Nijeryalı fotoğrafçı geçenlerde telefonda George Osodi tarafından çekilmiş, “çok yaşlı bir kralın” fotoğrafı olduğunu söyledi. 1956’da Nijerya’yı ilk ziyaret ettiğinde Kraliçe II. Elizabeth’i karşılayan hükümdarlardan biriydi.

Aynı duvarda, başka bir fotoğrafta kralı parlak kırmızı giysili, altın işlemeli, uyumlu kadife bir tahtta otururken gösteriyor. Osodi, 2022’de çekilen bu fotoğrafın, bu milenyumda iktidara gelen daha yeni bir Nijeryalı kralı gösterdiğini söyledi.

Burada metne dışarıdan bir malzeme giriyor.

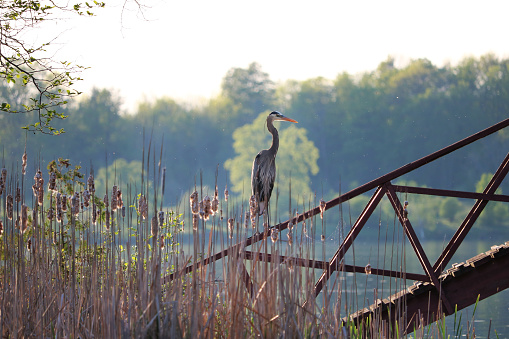 A Great Blue Heron standing on a bridge looking out onto the water.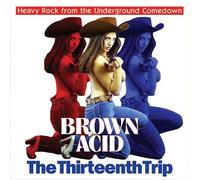 Various Artists Brown Acid: The Thirteenth Trip (Vinyl LP) 12" Album
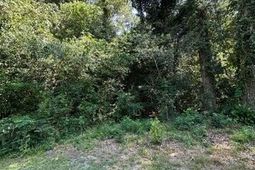 113 Graham Lane photo 4
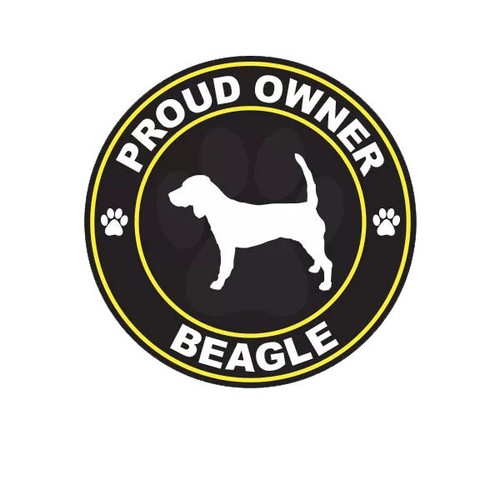 Adesivo beagle orgoglioso - beagle,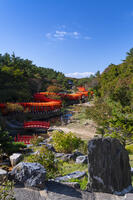 高山稲荷神社 千本鳥居 [TMT110001593]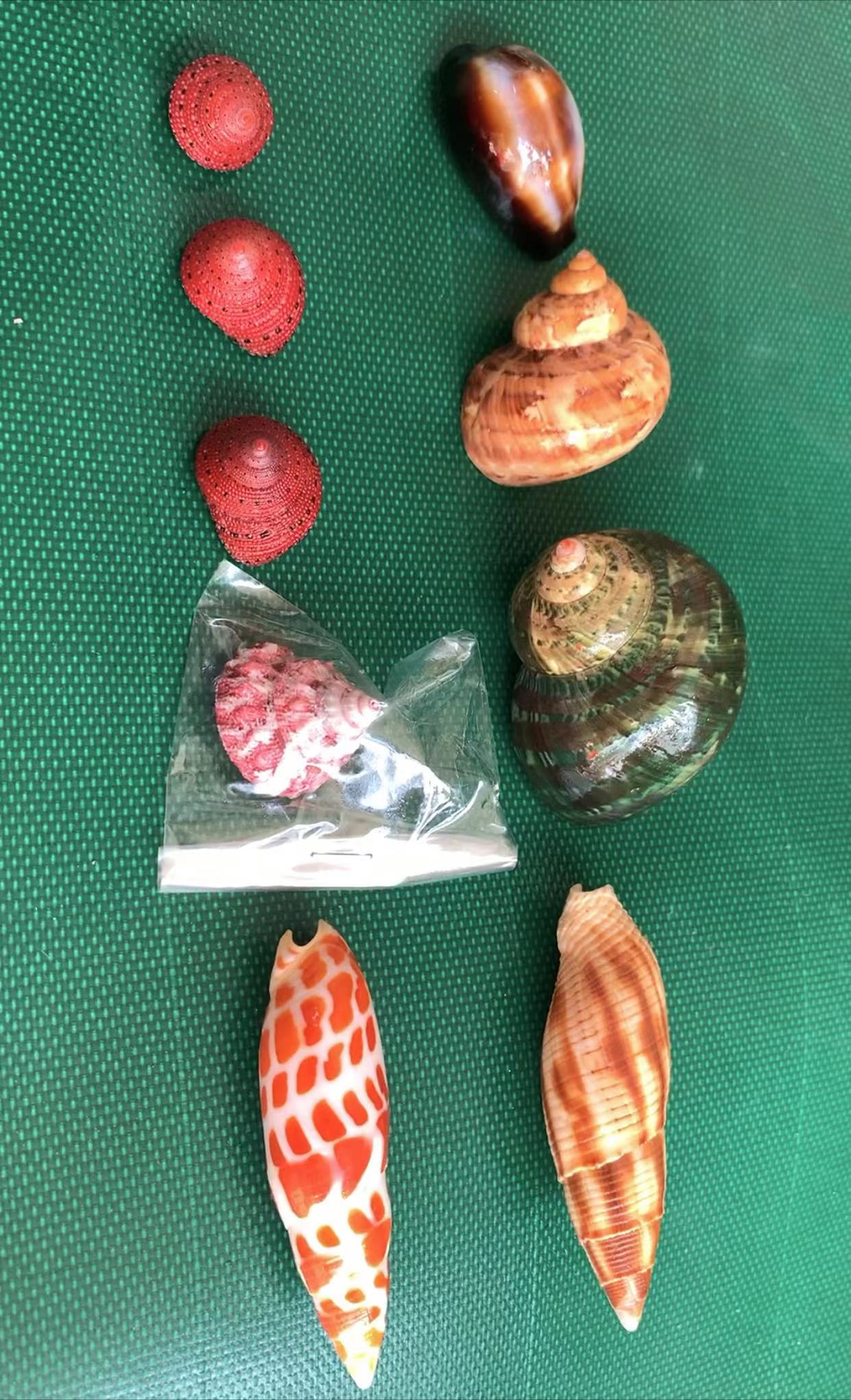 粉丝专拍海螺礼包10个精品海螺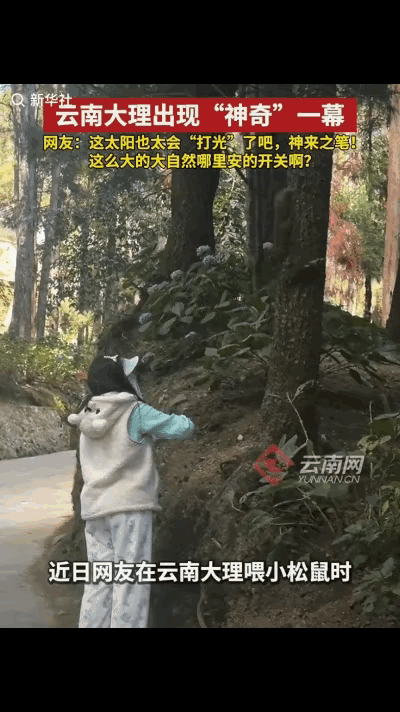 近日，一女子在大理喂小松鼠时出现了神奇的一幕，一开始女子本想喂喂路边的小松鼠，没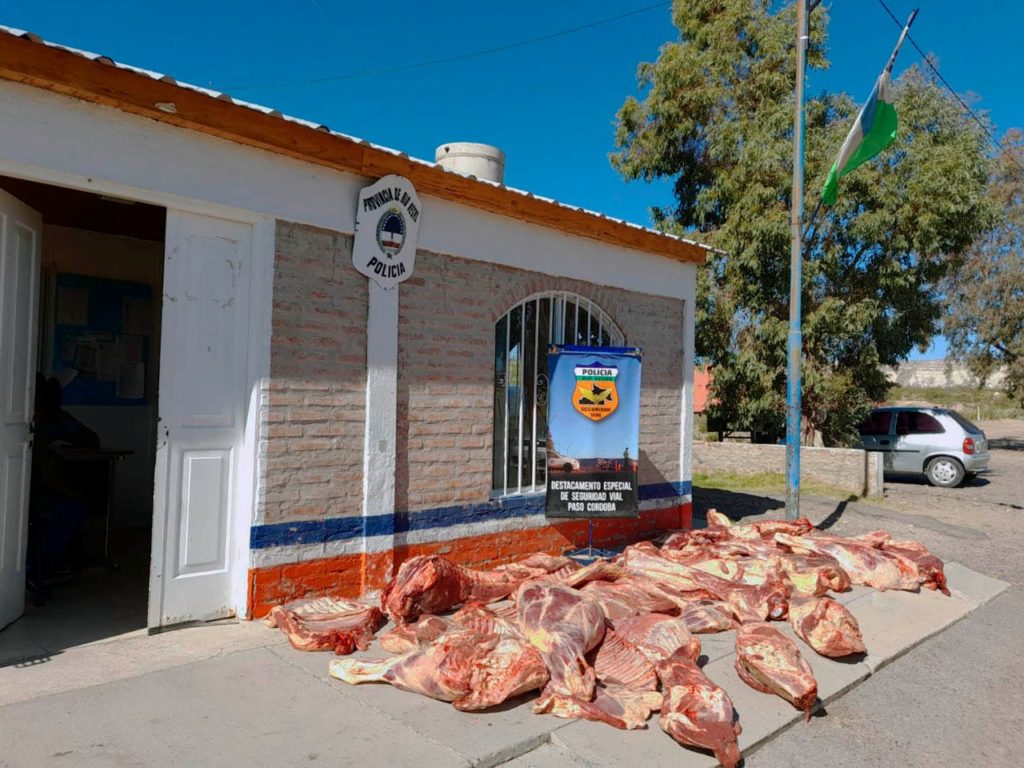 La policía rionegrina decomisó más de 19 mil kilos de carne durante el 2022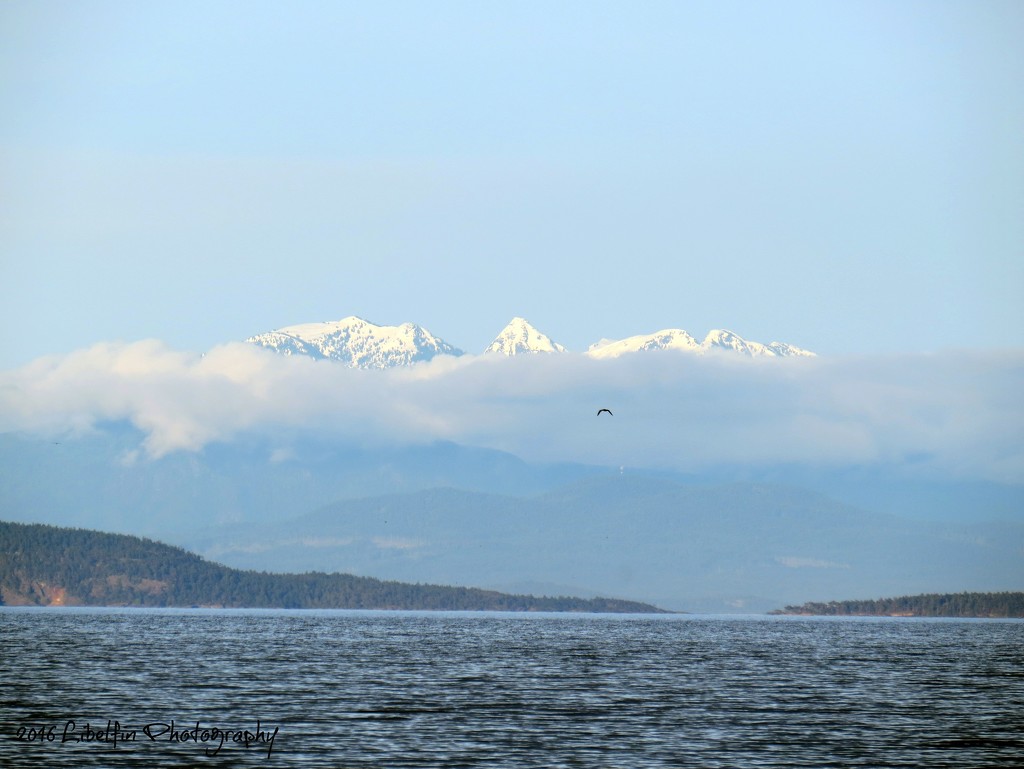 View of the Mainland by kathyo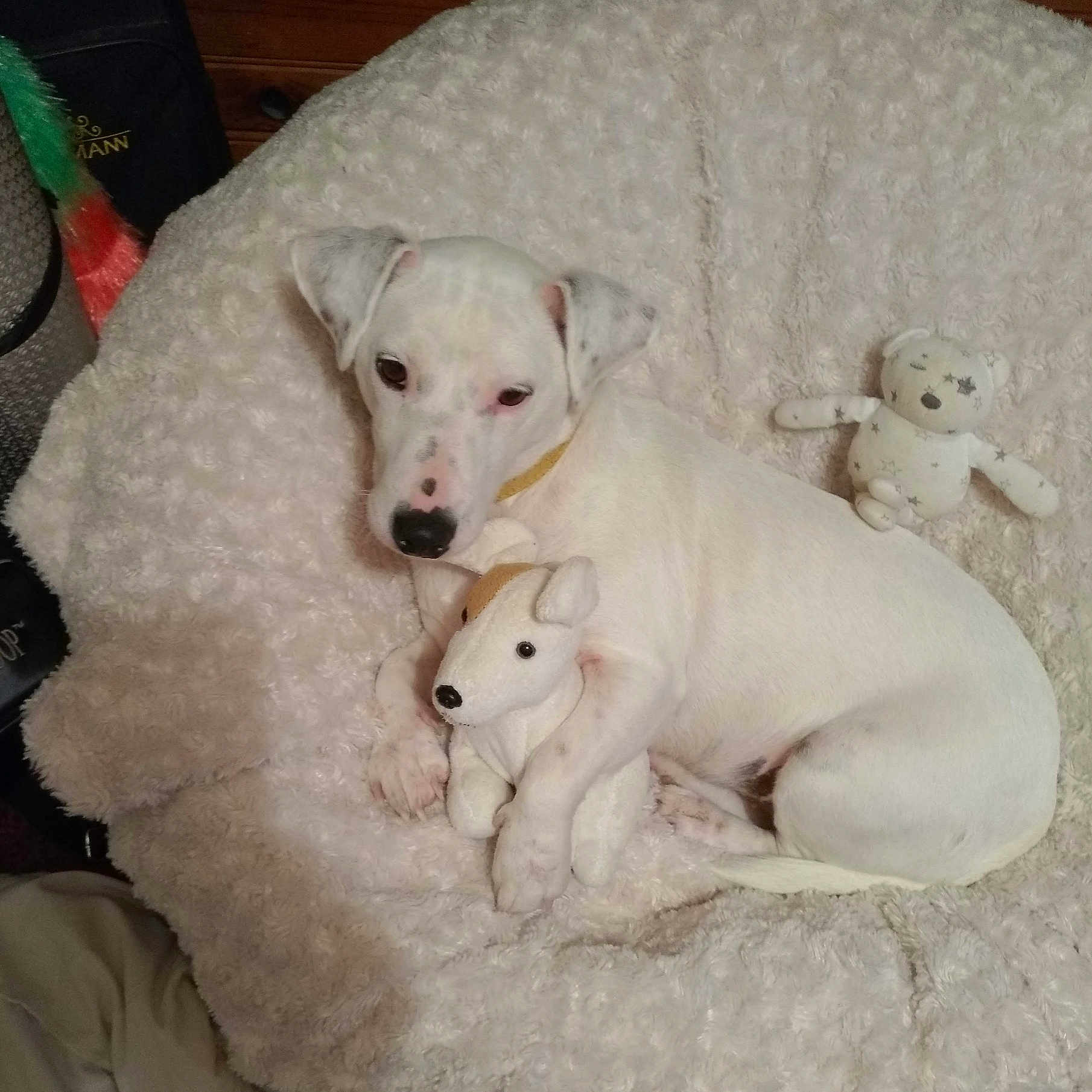 Jordy participe au concours pour gagner de l'argent avec cette photo : dog, white_dog, stuffed_animal, teddy_bear, blanket, cozy, pet, indoor, cute, animal, toy, relaxed, fur, collar, lying_down, soft_texture, companion, comfort, resting, home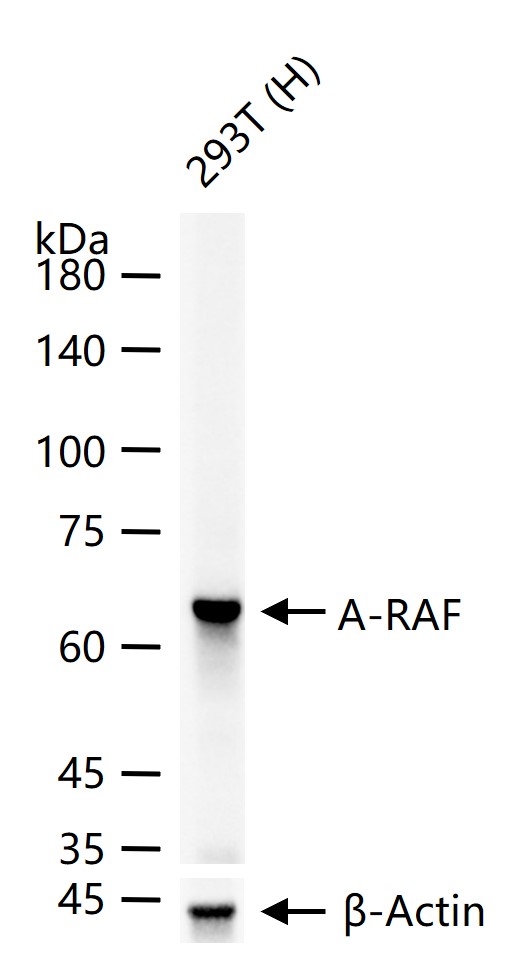 A-Raf重组兔单抗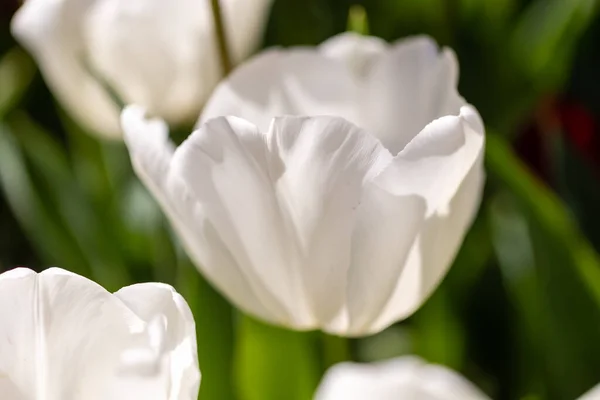 Tulipa Pim Fortuyn Çiçeği Madrid Spanya Bir Bahçede Yetişir — Stok fotoğraf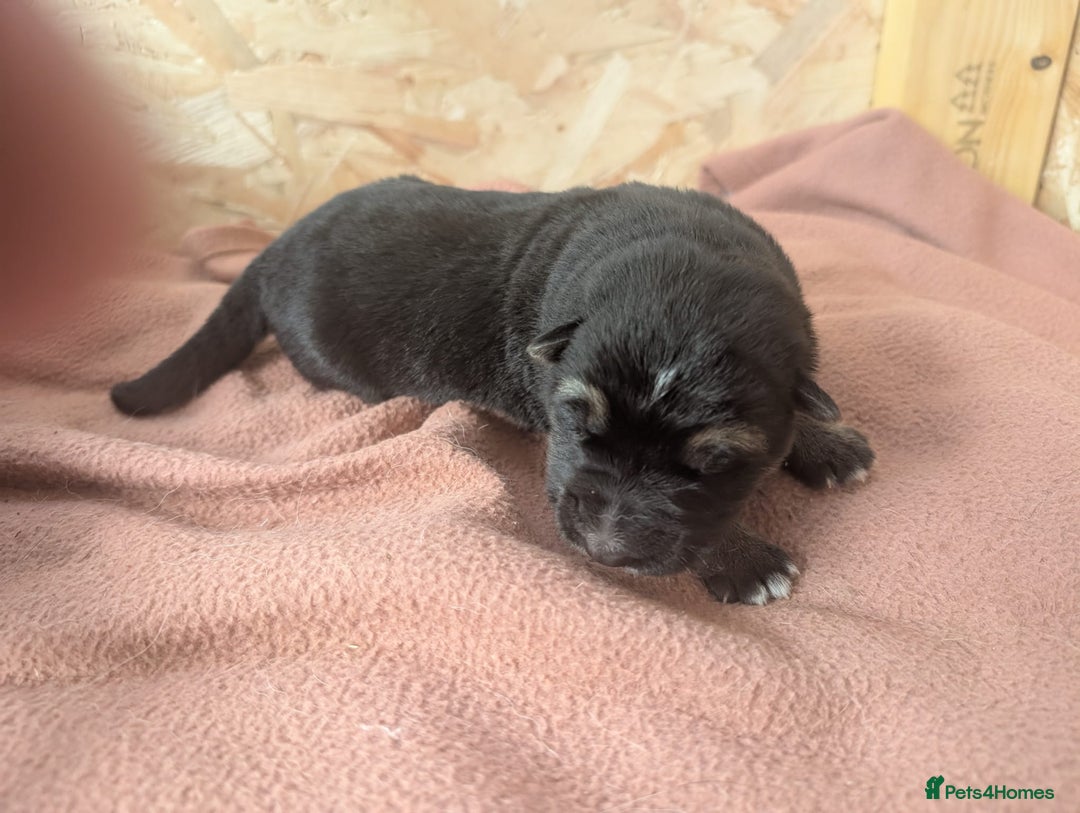 German Shepherd dogs for sale: 2 KC registered German Shepherd puppies for sale in Ellon - Image 8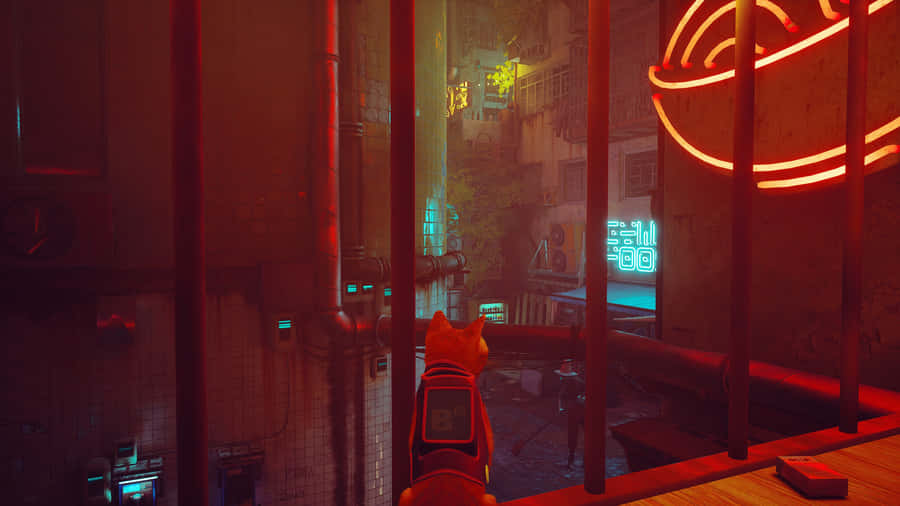 Stray Cat Contemplating Cybercity Wallpaper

Bu fotoğrafların başlıkları HRM Agbogidi Obi James Ikechukwu Anyasi II, Obi of Idumuje Unor ve Pere of Gbaramatu. “İmparatorluk Majesteleri, Oboro Gbaraun II, Aketekpe, Agadagba” – Osodi’nin devam eden “Nigerian Monarch” serisinin eserleri arasında 14 Ocak’a kadar burada sergileniyor.Paylaşılan Bir Dünya: Çağdaş Afrika Fotoğrafçılığı


Küratörü Osei Bonsu’ya göre sergi, yüzeysel veya basmakalıp olma eğiliminde olan Afrika kültürleriyle ilişkilendirilen tipik Batılı imajlardan kopmayı amaçlıyor.

Bu çabanın bir parçası olarak Bonsu, Batı sömürgeciliği dışında Afrika’daki iktidar sistemlerini keşfeden sanatçıların eserlerini seçti. Bunlar arasında, Rotimi Fani-Kayode’nin siyah erkeklerin Yoruba ritüellerini gerçekleştirdiği 1989 serisi Bodies of Experience’daki gibi maneviyat ve Kudzanai Chiurai’nin 1989 serisi We Live in Silence 2017’de görüldüğü gibi kadınların geleneksel rolleri yer alıyor. Afrikalı kadınlar hakkında.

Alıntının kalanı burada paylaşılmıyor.